Zira siyasette yarınını garantilemek için bu günden Erdoğan’a methiyeler dizenlerin Erdoğan’ın partiyi bırakması halinde dünü dünde bırakıp yarın neye veya kime methiyeler dizeceğine dair kuşkularım oldukça fazla..
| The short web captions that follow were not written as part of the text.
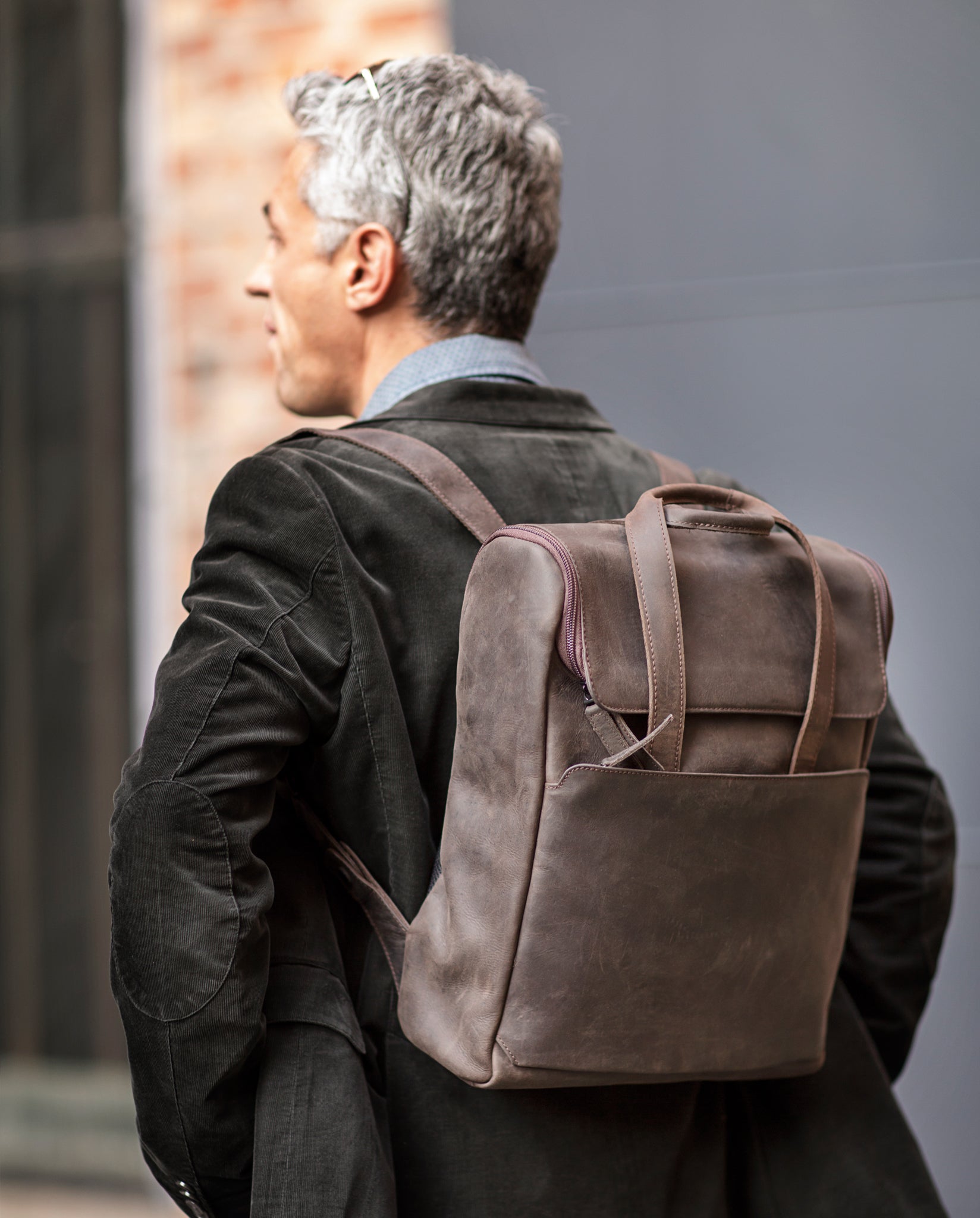 2-in-1 notebook backpack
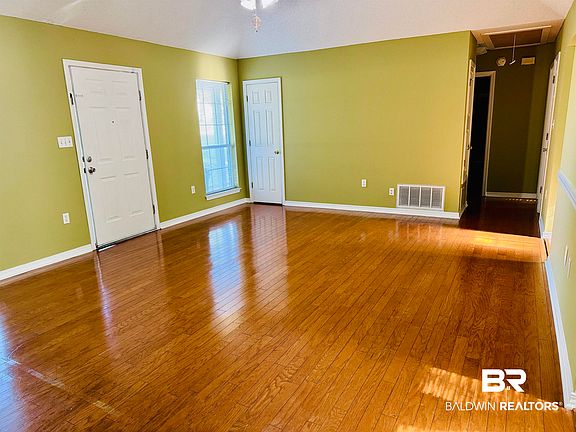 4th image of 19335 Oak Hillcrest Dr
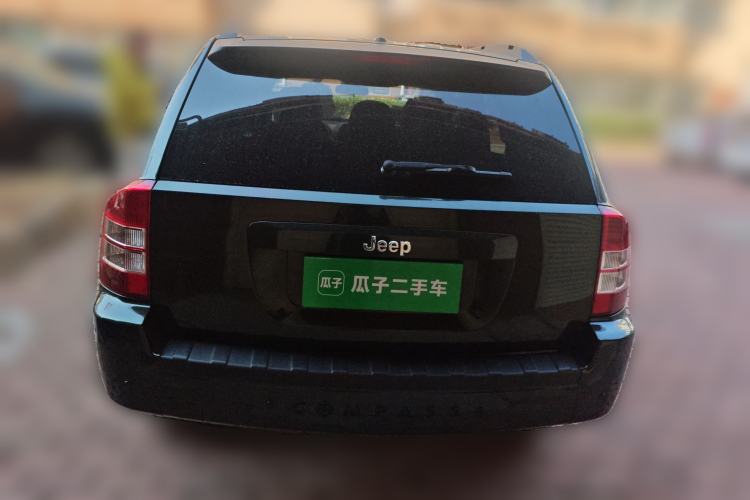 Used Jeep Compass 2010 2.4L four-wheel drive sport version
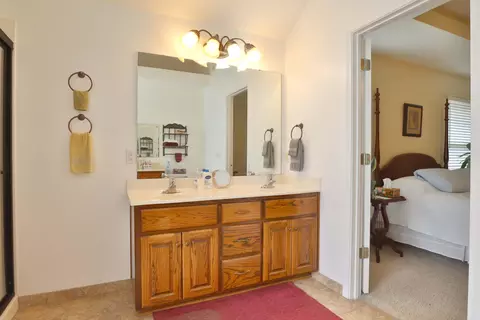 Bath - 3741 N Oak Point Ave, Springfield, MO 65803 photo 4 of 7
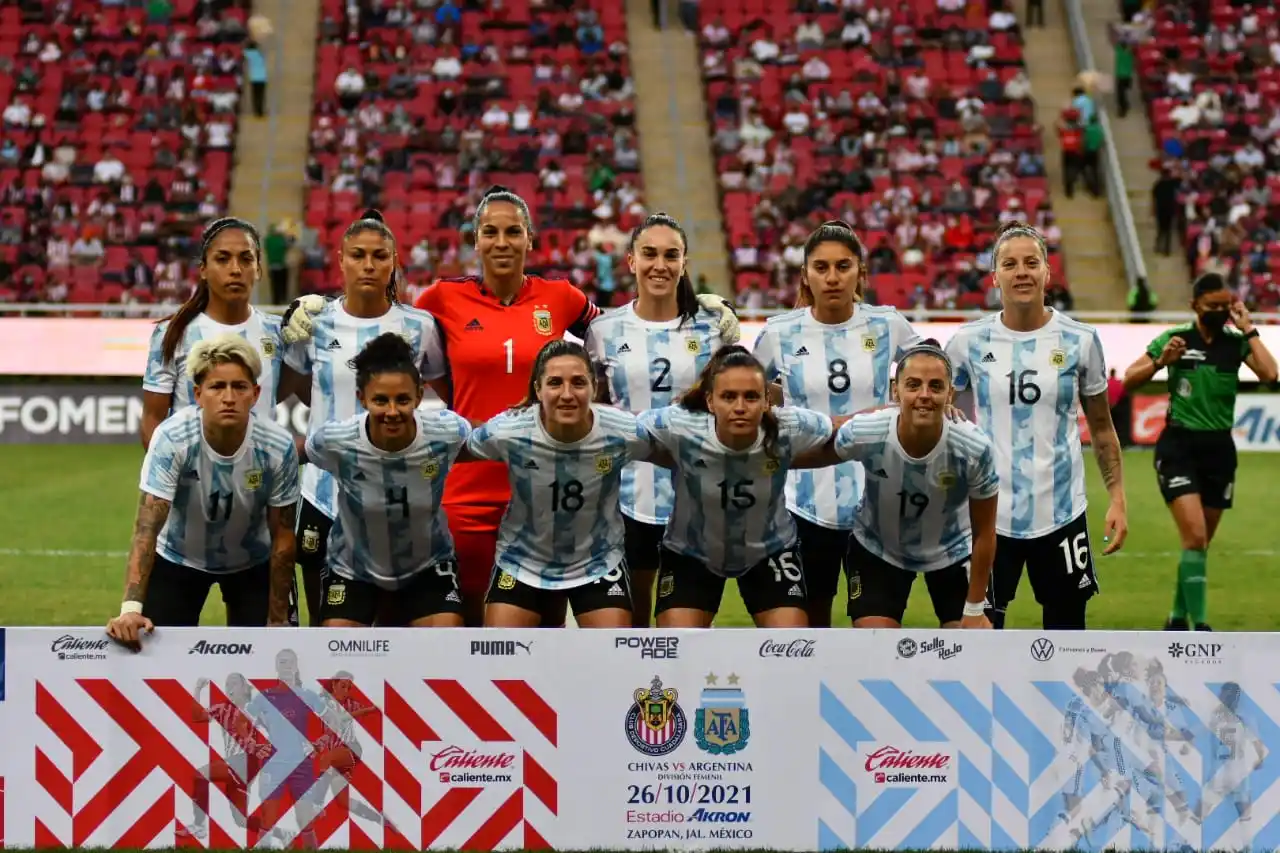 La selección argentina, con Barroso (2) y Núñez (18).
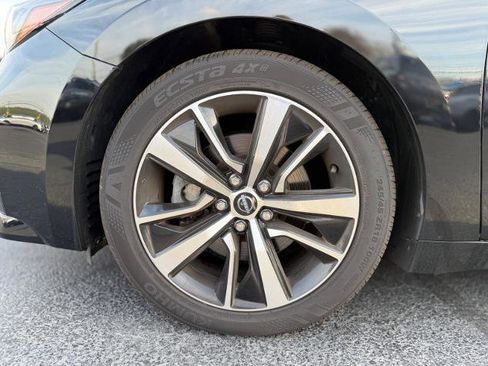 Used 2023 Nissan Maxima SV w/ Floor Mat Group image 4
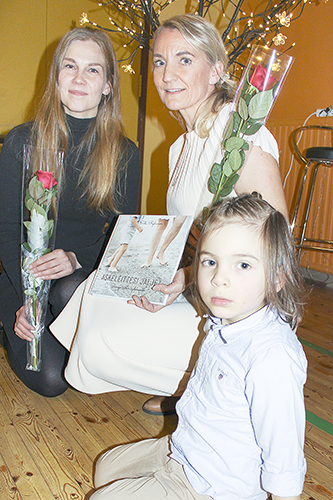 Valokuvaaja Laura Huttusen ja Satu Ryhäsen lisäksi juhlallisuuksiin osallistui kirjan muusa, kolmevuotias Luca Ryhänen.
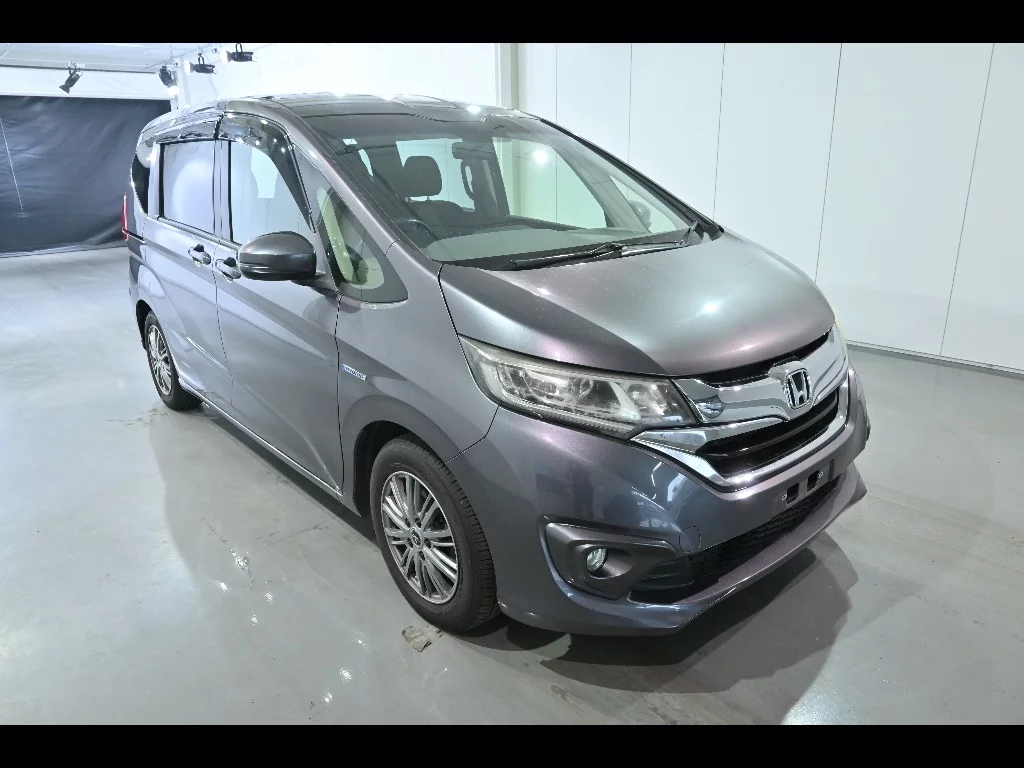 Honda Freed  с аукциона в Японии
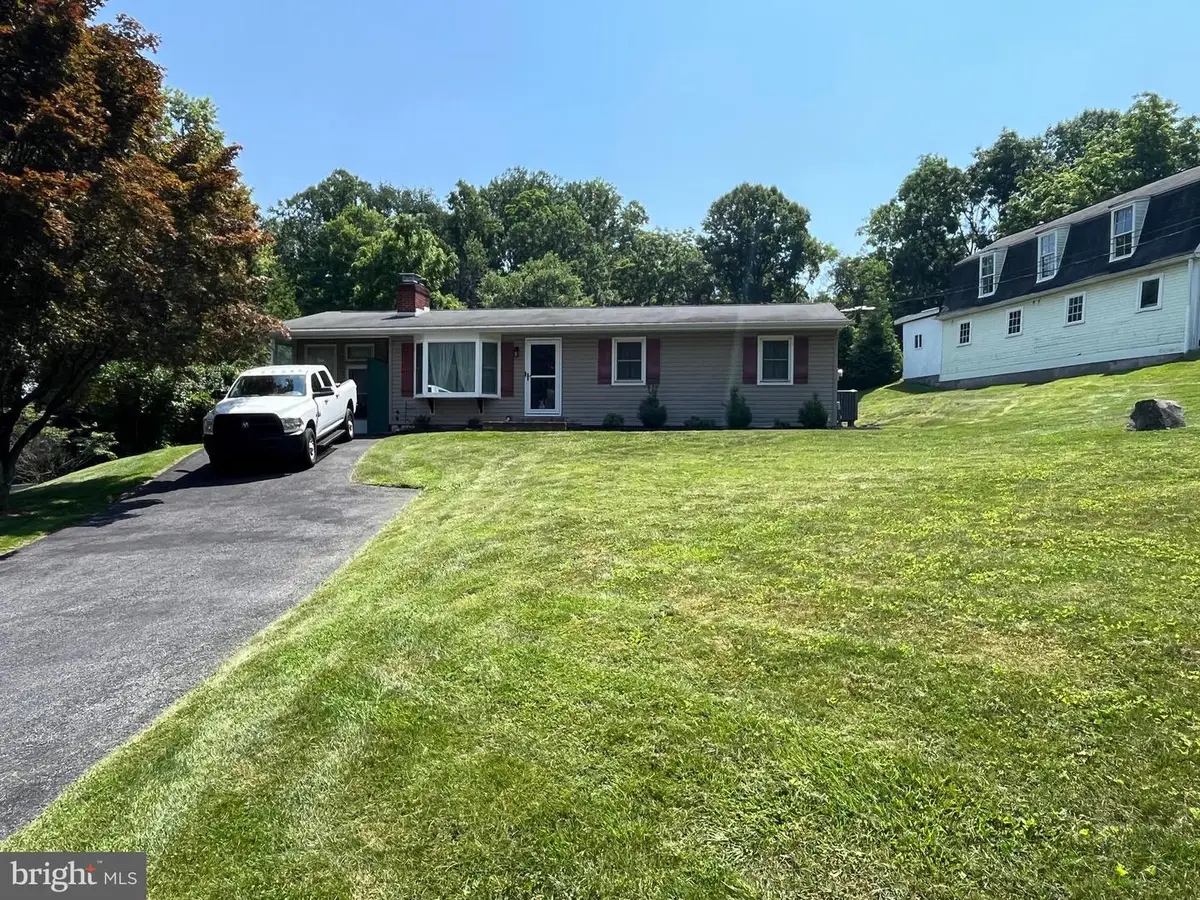 1015 Waltonville Rd, Hummelstown, PA 17036 - Image #1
Bu millet, ister adını başbakanlık veya cumhurbaşkanlığı koyun, ister yarı başkanlık veya devlet başkanlığı koyun, 17 aralık gibi dayatmalara boyun eğmeyecek, bugün Türkiye Barolar Birliği (TBB) Başkanı Metin Feyzioğlu’nun Danıştay’ın kuruluş yılı programında konuşması sırasında sergilediği akıl almaz tavra tepki göstererek vesayetin her türlüsüne karşı duracak, vatandaşı 2. sınıf görmesine rağmen devrimci, ulusalcı ve faşist argümanları vatanseverlik diye yutturan kurtları deşifre edecek, en ufak bir askeri ikazla su koyuvermeyecek liderini her daim başında görmek ister.
Recep Tayyip Erdoğan, milletin en son 30 Martta sandıkta teslim ettiği sancağı cumhurbaşkanlığı makamında da omzunda taşımaya devam edecekse, Anayasanın, 104. maddesinde belirtilen bakanlar Kurulu’nu toplayıp başkanlık etmek ve kanun hükmünde kararnameler yayımlamak yetkisini en verimli bir şekilde kullanacaksa, an itibarıyla AK parti içinden farklı isim arayışları yerine bu makamı en fazla hak edenin kendisi olduğunu ağustos ayındaki sandık sonuçları zaten söyleyecektir.
Böylesi bir durumda fiili bir yarı-başkanlık sistemi doğal haliyle işleyeceğinden, ne yeni bir anayasal düzenlemeye, ne de sistem tartışmasına girmeye gerek kalmayacaktır.
Başbakanlık için de Süleyman Soylu veya Numan Kurtulmuş gibi yeni Türkiye’nin inşasında kendisiyle uyumlu çalışacak yıpranmamış isimleri tercih etmesi ise ülkenin geleceği açısından daha olumlu olacaktır.